The variable screening phase has two sequential steps due to the restricted hierarchical structure in (3). At the first step, we apply the adaptive decision rule to the interaction terms. Selected interaction terms and their main effects will be kept for the next model selection phase. At the second step, the adaptive decision rule will be applied to the remaining main effects. The selected additional main effects will be kept for the next model selection phase as well. The formulation of the decision rule for the variable screening phase is the same as that of the model selection phase. Let a vector ν with elements νl = Pr(γl|Data),l = 1,…, p, denote the posterior marginal probability of a regressor being in the true model, where νl is estimated by the proportion of occurrences of the lth regressor in the MCMC iterations produced in the model selection phase. If the variable screening phase yields a reduced number of p, the model selection phase is reiterated in a new MCMC process.
Remark 4
The modification constant λ1 reflects the relative weighting between L1 and L2. Note that L1 and L2 are on different scales. In our experience, the scale of L2 has been more than 100 times greater than L1. The process of variable screening is to reduce the dimension of the model space. When the loss function is used for screening variables, more weight is recommended for L1 (e.g. λ1 ∈ [0, 0.01)). When the loss function is used for selecting models, more weight is recommended for L2 (e.g. 1 ∈ (0.01, 1]).
3. Simulation Studies
Our interest lies in evaluating the frequentist power to detect the QI under various conditions, such as outcome types, sample size, number of covariates, and treatment effect. We set the number of covariates p = 5 and 25 with a sample size of 200, and assume that all of the p covariates are independent and from a Bin(n, 0.5) distribution. The treatment group z was generated from Bin(n, 0.5) to represent 1:1 randomized clinical trials. Three types of outcomes were simulated: linear, binary, and survival outcomes. Several true models were considered for different outcomes. The first true model was η1 = −.7z + 0.5x1 + 1.4x1z. This is equivalent to a treatment Odds Ratio (OR) or Hazard Ratio (HR) of 0.5 when x1 = 0 and 2 when x1 = 1. The second true model, with an additional interaction term, was η2 = −.7z + 0.5x1 + 0.5x2 + 1.4x1z – x2z. The third true model, with smaller treatment effect, was η3 = –.5z + 0.5x1 + 0.5x2 + x1z – x2z. This is equivalent to a treatment OR or HR of 0.6 when x1 = 0 and 1.64 when x1 = 1. For linear outcomes, ∈ ~ N(0, 1) was used. We used a logit link and an exponential link for the binary and survival outcomes, respectively. The uniform distribution on [0, c] was used to generate non-informative censoring, where c chosen to generate 30% censoring . We generated 500 replications for each setting. For the binary outcomes, the frequency of y = 1 was about 56% from model 1, 2, and 3.

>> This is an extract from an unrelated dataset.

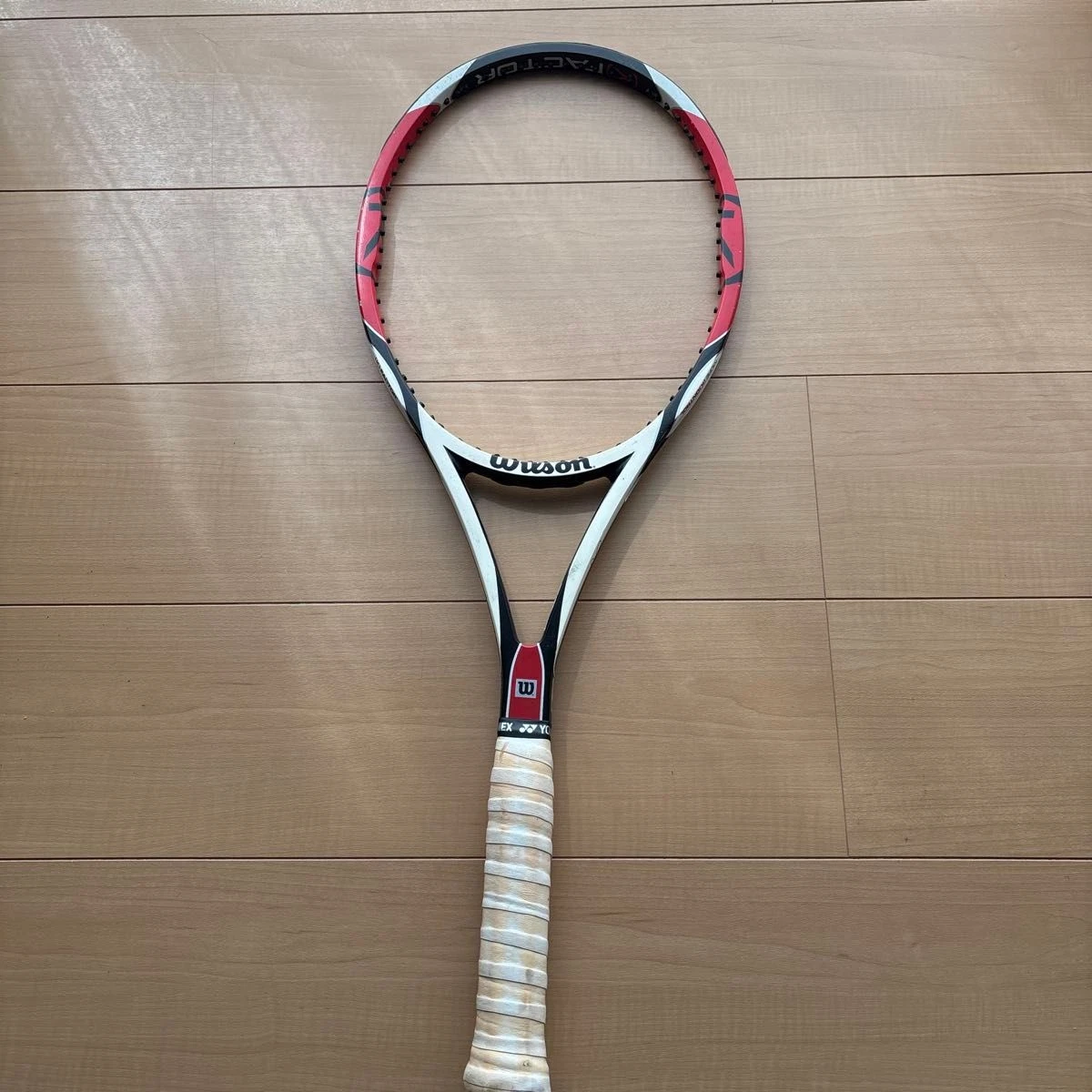 Las mejores ofertas en Wilson K seis uno Tour | eBay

The KM curves for one simulated survival dataset under model 1 and 3 were plotted (Figure 2 and 3). x1 is a prognostic factor (Figure 2(a) and Figure 3(a)). As demonstrated, if the QI effect of x1 is ignored, the treatment effect will not be detected (Figure 2(b)). In addition, the QI effect is not detectable if the other interaction is ignored (Figure 3(c)). The QI effect could be detected only if other interactions (QI or quantitative interaction), such as x2 in model 3 , were jointly considered (Figure 3(d)).

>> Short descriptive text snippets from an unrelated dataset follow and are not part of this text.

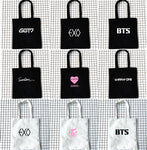 K-POP Bands Shoulder Bags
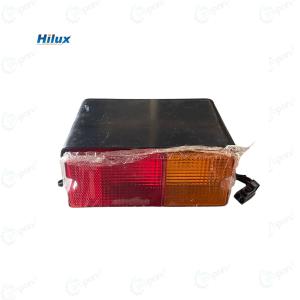 Sonalika Tractor Hilux Genuine Tail Lamp Assembly Pin Type 544SK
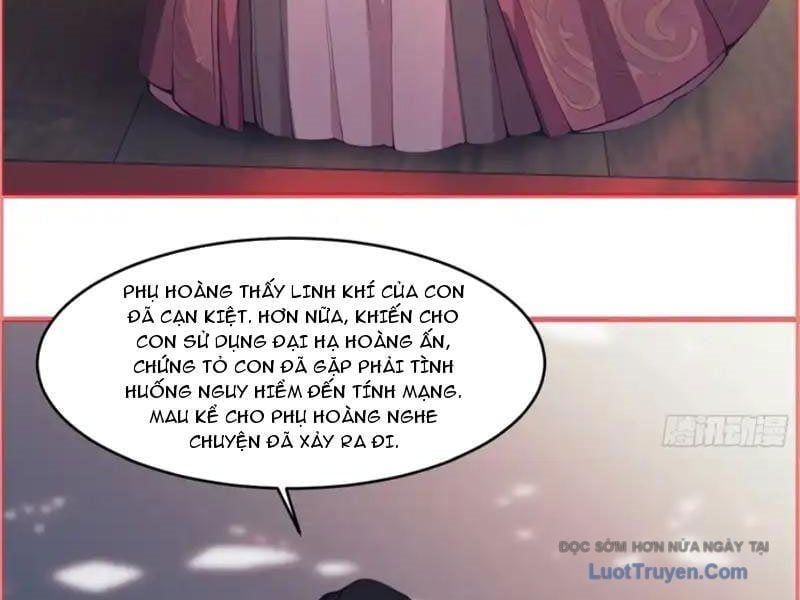 Nghịch Tập Từ Trong Bụng Mẹ: Vừa Sinh Ra Đã Là Vô Địch - Chapter 27 - Page 22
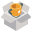 Trophy Box icon
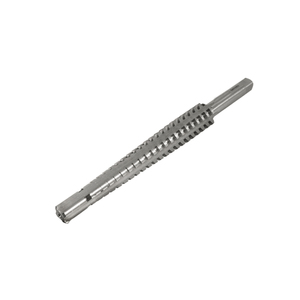 Метчик трапецеидальный Tr36х6 HSS м/р L=280 комплект 2 шт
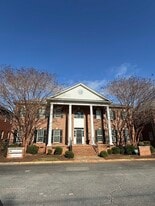 3443 Pelham Rd, Greenville SC - Commercial Real Estate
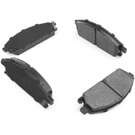 2003 Acura MDX Brake Pad Set 5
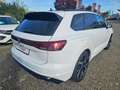 Volkswagen Touareg R-Line Allradlenkung Luftfederung AHK Weiß - thumbnail 4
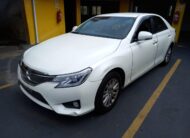 2014 Toyota Mark X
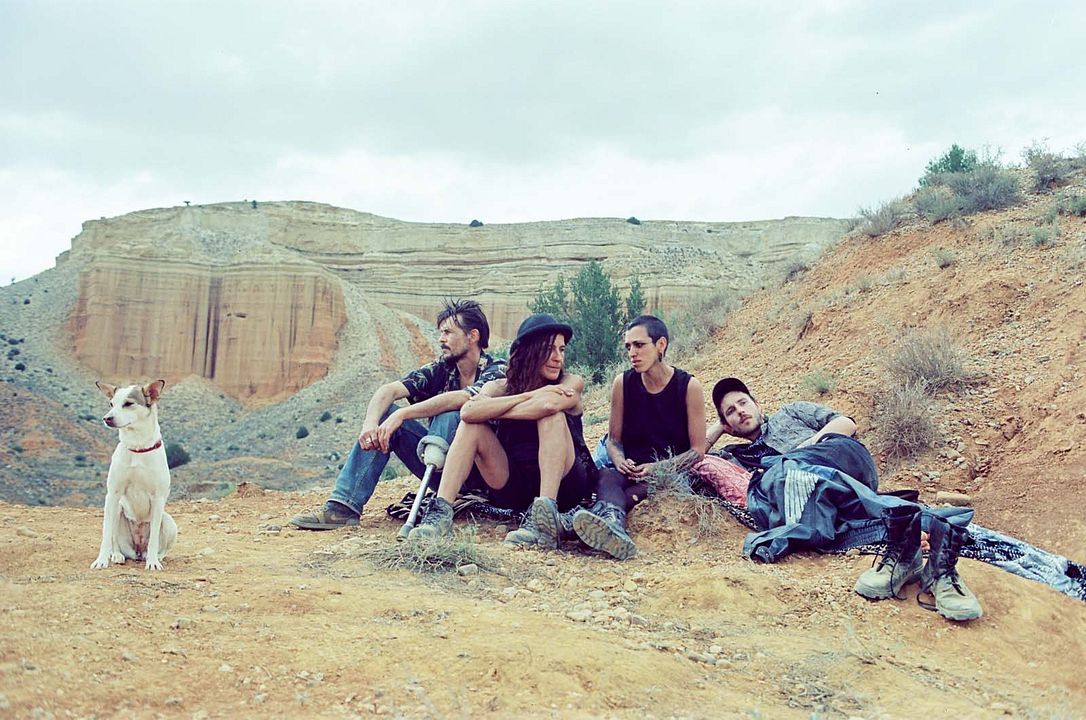 Sirāt : Photo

For all of the simulated data sets, we applied the method with c = 10, Γ = .15, and Beta(2,2). The length of the two parallel MCMC chains was set to be 10, 000, from which the first 1, 000 iterations were discarded. The data generation for the simulations was conducted in R. Through the R package R2WinBUGS, the model estimation was conducted in BUGS [21], a popular Bayesian software package for performing Bayesian inference using Gibbs sampling [22, 23]. The “best” model in this method of BMS was selected based on the highest joint posterior distribution of γ. The λ1 equal to 1 for selecting models and 0.01 for selecting variables were used in the ABMS method with the expected loss L(d, ν). The αQI = 0.5 was used as the threshold for .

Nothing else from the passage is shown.